The nation logs about US$22.7 billion in annual spending on top-end goods made by brands including Chanel, Dior and Prada, ranking it as the world’s No. 2 luxury market behind the US.
Photo: AFP
“Luxury products may be more expensive, but they are very well-made,” 79-year-old Toshiko Obu said, carrying her longtime Fendi bag outside the Ginza Six building, which has been drawing big crowds since last week’s opening.
Japan is renowned among the world’s priciest retailers for its discriminating clientele — Chanel tries to keep local customers physically separated from tourists packing more cash than class.
“You shouldn’t forget that a big portion of the luxury clientele is here in Japan,” Christian Dior Couture chief executive Sidney Toledano said at the opening of the 241-store building.
“It remains a strategic market for luxury and, I’d say, true luxury,” he said.
Dior is counting on Japan’s luxury market to rise this year, while rival Chanel is also expecting an upbeat year, after global sales of personal luxury goods barely grew last year.
“We did not lose our character,” said Richard Collasse, head of Chanel in Japan.
“There are brands that are suffering — the ones that at some stage stopped investing in Japan because China was the new El Dorado, and today they are biting their fingernails,” he said.
Few brands predicted that deep-pocketed Chinese shoppers visiting Japan would support its luxury market — tourists account for about one-third of top-end spending.
Japan is hoping to land 40 million visitors in 2020, the year that Tokyo hosts the Olympics. Last year, about 6 million Chinese visited, compared with 2.4 million in 2014.
“Historically, [Japan has] been a very insular luxury market where 90 to 95 percent of the spending was by locals,” said Joelle de Montgolfier, Paris-based director of consumer and luxury product research at consultancy Bain & Company.
But now about 30 percent of sales are generated by foreign visitors owing to tourism, she added.
A stronger yen dented visitors’ purchasing power last year, with luxury sales down 1 percent, after a 9 percent rise in 2015.
Toledano said it is an opportunity to refocus on Japanese clientele.
“We don’t ignore tourists, of course, but we’re not a duty-free shop,” he added.

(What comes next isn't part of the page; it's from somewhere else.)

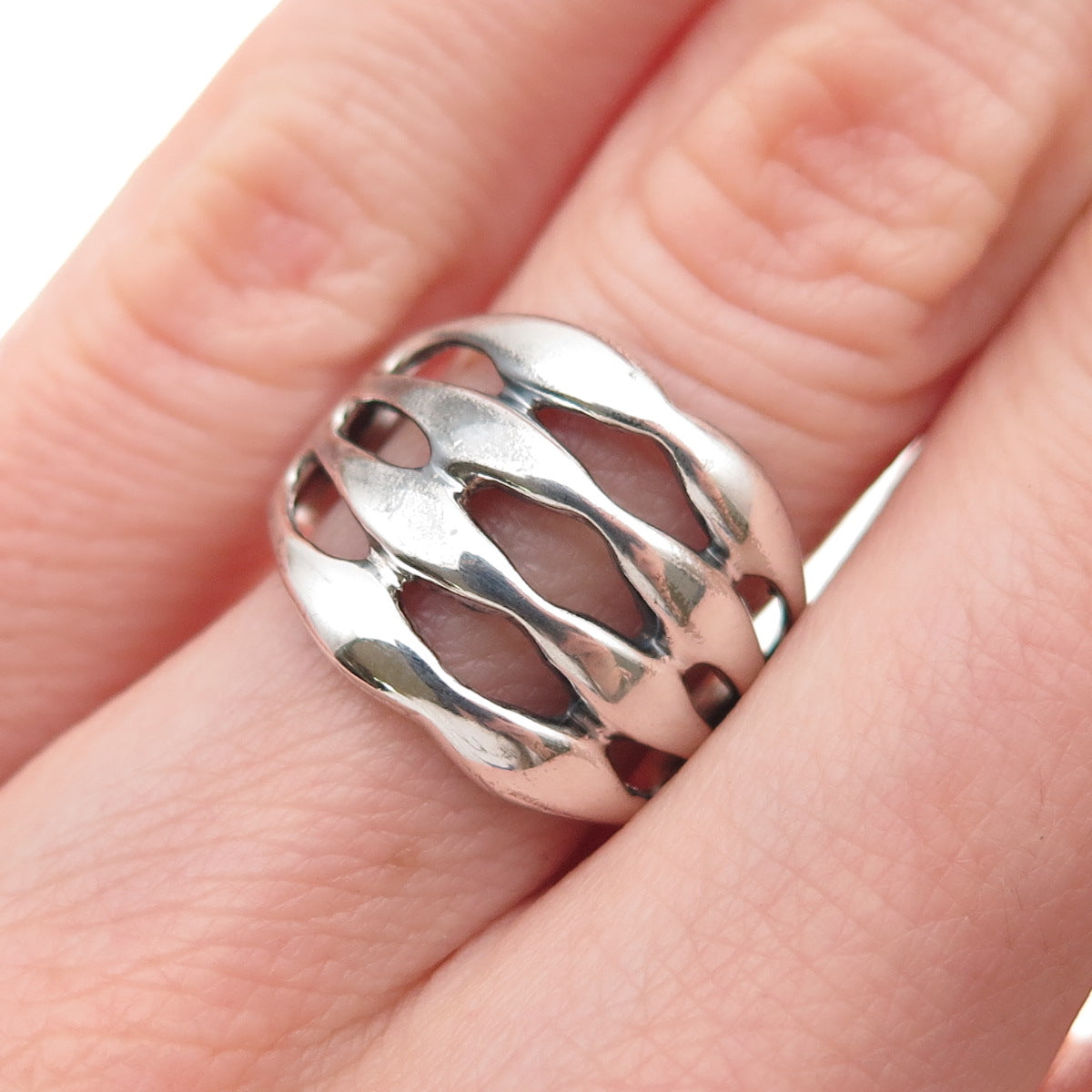 925 Sterling Silver Vintage Modernist 4-Row Oxidized Ring Size 6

Some Chanel shops in Tokyo have a separate cosmetics and perfume section reserved for top Japanese customers, in a bid to keep them away from the nouveau riche crowd. It also tips off local clientele about the expected arrival time of tourist buses so they can avoid them.
“The loyal Japanese clients tend to run away from customers who were not very well-raised and are wearing whatever or lying all over the sofa, touching everything,” Collasse said.
Dior’s haute couture show at the new mall’s opening featured Japanese-inspired dresses, underscoring a focus on the local market.
However, warning signs lurk behind smiling clerks and glitzy interiors at the new property on one of the world’s priciest shopping streets.
Japan has struggled to reverse a decades-long economic slump while a falling population continues to shrink its labor force — and the pool of future luxury consumers.
Younger people, many on tenuous work contracts, do not have the money or the same interest in luxury brands anymore, especially since top-end goods can now be rented online instead, said Naoko Kuga, a consumer lifestyle analyst at Tokyo’s NLI Research Institute.
“When you look at consumer purchasing behavior, younger people put less value on luxury brand products” than previous generations, she said.